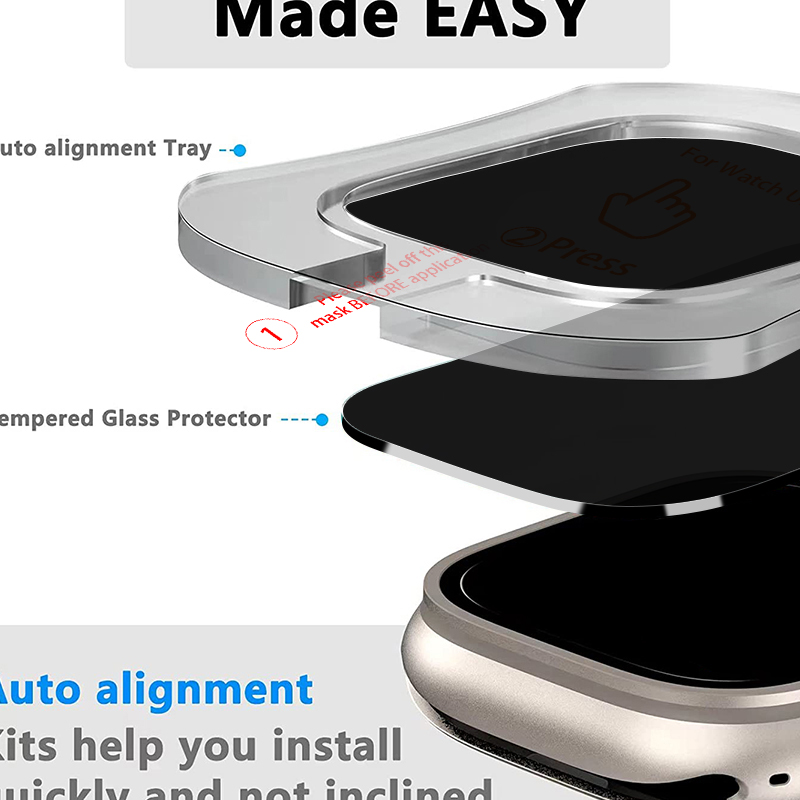 Privacy Screen Protector Film  - огляд і ціна Screen Alignment Tool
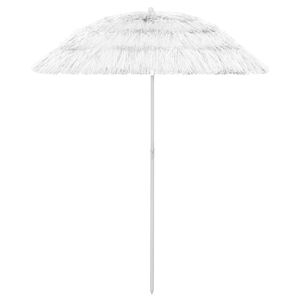 vidaXL Hawaii-strandparasol 180 cm hvid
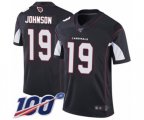 Arizona Cardinals #19 KeeSean Johnson Black Alternate Vapor Untouchable Limited Player 100th Season Football Jersey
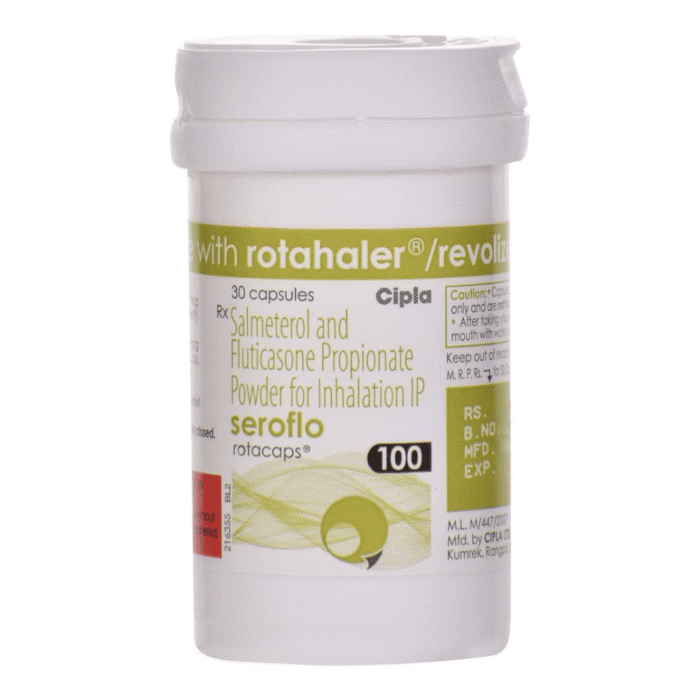 Seroflo Rotacaps 100 Mcg (SalmeterolFluticasone) Seroflo Rotacaps 100 Mcg (SalmeterolFluticasone)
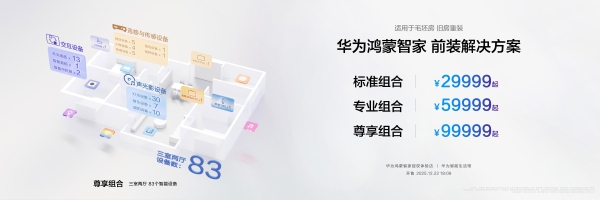 华为鸿蒙智家全新小艺管家重磅升级，智装套餐9999元起，焕新智美新生活 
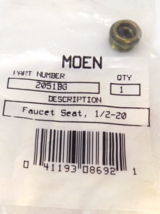 Moen -MPN- 2051BG Faucet Seat - 1/2 -20 Brass- Faucet Repair - £4.85 GBP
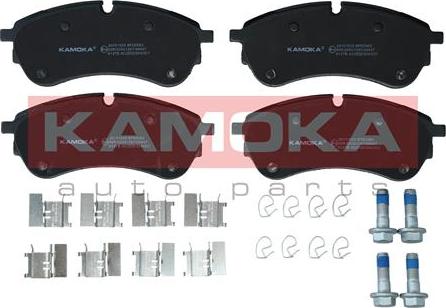 Kamoka JQ101025 - Kit pastiglie freno, Freno a disco autozon.pro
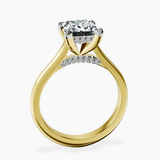 14kt Yellow Gold Demi Lovato Hidden Accents Solitaire Lab Diamond Ring side right image one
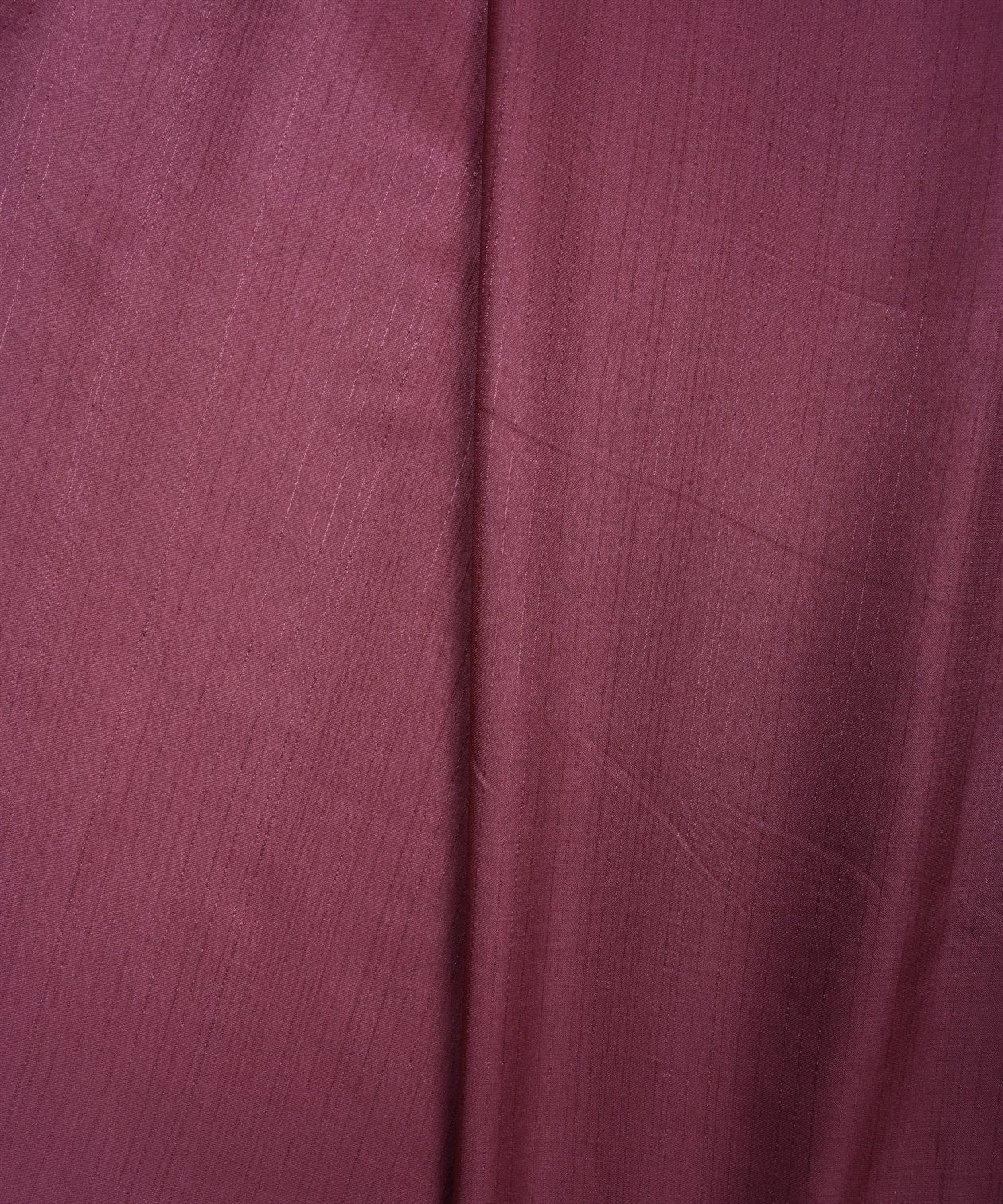 Dark Onion Plain Satin Georgette Slub Fabric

----

WORK TASK >> Your answer must be the lines above from the one holding "Seroflo Rotacaps 100 Mcg (SalmeterolFluticasone) Seroflo" up to and including the one holding "Kamoka JQ101025 - Kit", exact and with no pictures.

RESULT OF THIS EXERCISE >>
 Seroflo Rotacaps 100 Mcg (SalmeterolFluticasone) Seroflo Rotacaps 100 Mcg (SalmeterolFluticasone)
 华为鸿蒙智家全新小艺管家重磅升级，智装套餐9999元起，焕新智美新生活 
 Moen -MPN- 2051BG Faucet Seat - 1/2 -20 Brass- Faucet Repair - £4.85 GBP
 Kamoka JQ101025 - Kit pastiglie freno, Freno a disco autozon.pro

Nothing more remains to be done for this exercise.